Sustainable Shorelines Work Site

Newsletter #1 Welcome to our new organization

Welcome to our new organization.

Sustainable Shorelines was officially incorporated on February 13, 2002.  While the official notification letter is yet to be received, I have received a number of advertisements for business equipment in its name.

The news reports continue to support the need for our endeavor.  In the future I hope to give a weekly (or biweekly) summation of the major articles gleaned from the news.  Along with these articles, we are gathering names of those --government officials, property owners, environmentalists, reporters, etc.-- who need to know what impact the loss of our coastal resources truly will be on our nation.  We also need to inform them of more sustainable alternatives for protecting our coastlines.

With this in mind, here are a few of this past week's highlights:

In North Carolina, the negative effects on coastal fresh water supplies and wetlands of dredging ever deeper channels is being documented by researchers.  Tidal action on the Cape Fear River is moving deeper inland and brackish water is now found far upriver from the coast.  Kitty Hawk is demolishing six houses as it exercises its rights of eminent domain to take property for a new high dune system to protect Highway 12.  Students from Duke's Program for the Study for Developed Shorelines, Dr.
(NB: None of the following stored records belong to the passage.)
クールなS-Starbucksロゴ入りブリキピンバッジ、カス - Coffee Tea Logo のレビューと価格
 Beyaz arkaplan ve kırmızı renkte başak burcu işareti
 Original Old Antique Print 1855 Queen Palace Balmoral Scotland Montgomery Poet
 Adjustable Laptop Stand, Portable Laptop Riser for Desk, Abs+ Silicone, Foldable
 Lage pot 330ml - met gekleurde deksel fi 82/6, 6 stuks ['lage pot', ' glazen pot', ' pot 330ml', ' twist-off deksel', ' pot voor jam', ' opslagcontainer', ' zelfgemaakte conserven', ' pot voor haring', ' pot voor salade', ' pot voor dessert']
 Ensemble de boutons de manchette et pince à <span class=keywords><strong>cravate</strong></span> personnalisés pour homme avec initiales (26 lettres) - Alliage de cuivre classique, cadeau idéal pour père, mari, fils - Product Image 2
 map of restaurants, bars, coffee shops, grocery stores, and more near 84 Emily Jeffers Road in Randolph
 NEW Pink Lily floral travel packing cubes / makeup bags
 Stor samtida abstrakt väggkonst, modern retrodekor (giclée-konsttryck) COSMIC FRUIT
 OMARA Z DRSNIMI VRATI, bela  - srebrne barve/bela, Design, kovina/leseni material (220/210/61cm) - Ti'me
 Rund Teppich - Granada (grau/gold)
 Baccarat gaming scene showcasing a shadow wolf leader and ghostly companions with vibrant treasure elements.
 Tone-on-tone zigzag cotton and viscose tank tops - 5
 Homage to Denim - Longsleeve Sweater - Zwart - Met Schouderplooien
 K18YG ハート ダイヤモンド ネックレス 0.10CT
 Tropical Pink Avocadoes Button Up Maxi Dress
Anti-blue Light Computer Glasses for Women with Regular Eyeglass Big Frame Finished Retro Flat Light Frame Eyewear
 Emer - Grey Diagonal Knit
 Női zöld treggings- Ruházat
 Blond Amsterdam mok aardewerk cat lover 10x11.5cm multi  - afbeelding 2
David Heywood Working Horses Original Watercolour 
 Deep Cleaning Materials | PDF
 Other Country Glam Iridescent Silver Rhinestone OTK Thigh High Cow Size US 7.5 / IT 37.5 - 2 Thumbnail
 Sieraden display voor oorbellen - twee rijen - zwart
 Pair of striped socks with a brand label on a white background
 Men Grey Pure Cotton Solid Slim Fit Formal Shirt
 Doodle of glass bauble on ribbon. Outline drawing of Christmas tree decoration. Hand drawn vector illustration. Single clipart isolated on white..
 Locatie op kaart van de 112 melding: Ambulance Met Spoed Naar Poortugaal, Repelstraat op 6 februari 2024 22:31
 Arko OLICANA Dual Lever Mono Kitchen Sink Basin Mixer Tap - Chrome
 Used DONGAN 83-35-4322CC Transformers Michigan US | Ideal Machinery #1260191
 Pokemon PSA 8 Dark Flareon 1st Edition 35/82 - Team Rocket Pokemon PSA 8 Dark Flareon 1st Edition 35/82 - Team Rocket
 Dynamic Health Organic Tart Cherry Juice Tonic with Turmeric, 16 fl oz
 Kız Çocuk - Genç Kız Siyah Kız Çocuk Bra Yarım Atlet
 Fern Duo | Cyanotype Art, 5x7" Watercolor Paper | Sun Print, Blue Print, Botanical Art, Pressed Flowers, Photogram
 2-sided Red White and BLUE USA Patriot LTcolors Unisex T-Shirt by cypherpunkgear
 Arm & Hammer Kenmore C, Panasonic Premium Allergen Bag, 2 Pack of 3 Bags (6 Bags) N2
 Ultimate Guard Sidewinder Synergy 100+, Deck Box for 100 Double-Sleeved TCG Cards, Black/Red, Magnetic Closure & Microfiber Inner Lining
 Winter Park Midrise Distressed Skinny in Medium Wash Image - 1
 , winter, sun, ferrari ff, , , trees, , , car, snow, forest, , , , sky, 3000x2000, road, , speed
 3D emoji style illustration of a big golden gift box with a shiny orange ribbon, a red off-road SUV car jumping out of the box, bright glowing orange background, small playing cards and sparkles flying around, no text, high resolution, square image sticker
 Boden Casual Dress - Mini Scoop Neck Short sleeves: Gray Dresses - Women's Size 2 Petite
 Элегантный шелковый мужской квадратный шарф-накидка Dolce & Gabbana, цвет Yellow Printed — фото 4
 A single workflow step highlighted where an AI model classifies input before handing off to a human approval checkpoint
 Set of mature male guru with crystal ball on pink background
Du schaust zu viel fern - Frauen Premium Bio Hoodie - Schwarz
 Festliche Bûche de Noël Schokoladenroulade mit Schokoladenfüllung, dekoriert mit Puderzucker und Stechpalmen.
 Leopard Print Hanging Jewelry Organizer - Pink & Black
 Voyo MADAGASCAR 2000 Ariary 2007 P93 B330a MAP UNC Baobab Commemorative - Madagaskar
Pilkey's baby, recently visited Figure 8 to see the erosion problem and were admonished by PSDS's assistant director Andy Coburn that retreat is the only option.  The nourishment project on Emerald Isle continues to pump overly shell-laden sand onto the beach.

In Southwest Florida, Stump Pass is to be dredged to ease recreational navigation and get sand for the adjoining beaches.  This will cause further erosion to these beaches.  The cost is to be $12 million over 8 years.  Sarasota County officials are considering the same firm that designed the Mason Inlet relocation for Midnight Pass.  There is some concern that in the Mason Inlet project caused immediate shoaling in the ICW.  Howard Marlowe, dredging lobbyist and ACC director, hopes for further funds from the feds for nourishment projects in St. Lucie County.  The state has cut its funds for nourishment by a third.  Palm Beach got a very low bid for its upcoming renourishment of only $4.4 million for 2.5 miles.  Still, the total cost for its 10-year, 8 mile project is expected to run $42.5 million.

In the Gulf, Padre Island, TX is to be cut through by the $31 million Packery Channel project intended to help turn the island into a major resort.  The silt dredged up is be put in front of the seawall as a "beach".  The Corps is soliciting for dredge spoils to create a saltwater barrier sill 65 miles upriver on the Mississippi; this again illustrates the concerns of deep channels forcing salt water deeper inland.  This also further erodes the Louisiana coastline as acknowledged by the Corps for its Mississippi River-Gulf Outlet.  This shipping channel is eroding valuable wetlands and provides a shortcut for hurricane storm surge into Chalmette and eastern New Orleans.  Even so, the Corps says it is not going to begin to study this until next year and it will be at least 2013 before beginning to close the channel, if then.  That means addition hundreds of square miles of coastal lands, at current rates, could be lost before the Corps acts.

Out West, the validity of the California Coastal Commission continues to be assessed by the courts.  At Solana Beach, new seawalls have been approved to protect rapidly eroding bluffs; a sand mitigation fee paid by the property owners compensates for a decrease in beach width.  The Corps is being asked to place sand dredged from the San Diego Harbor on adjacent beaches.  The Corps has some reservations about doing this as in 1998 the Navy paid $9.7 million to compensate for the sand it dumped offshore because of fears the sand contained unexploded munitions found in the harbor.

In the Northeast, beach access is becoming an issue in Nantucket as beaches erode.  The use of eminent domain to secure public access is being discussed.  At Cape Cod, its community dredge ship, the Cod Fish, works 10 hours a day, six days a week pumping sand from clogged boat channels, rivers and estuaries (and offshore) to replenish the Cape and islands' "naturally" (my quotes) eroded beaches.

In the Mid Atlantic, the Presidents' Day storm created massive erosion along New Jersey's shoreline with vertical sand loses of 2-8 feet.  Many of these areas are recently renourished and other are up for multimillion renourishment funding this year.  Much of this area will not find sand for these projects:  2 years ago an article reported that 7 years of artificial beach-building had almost emptied offshore sand deposits off the Monmouth County coast.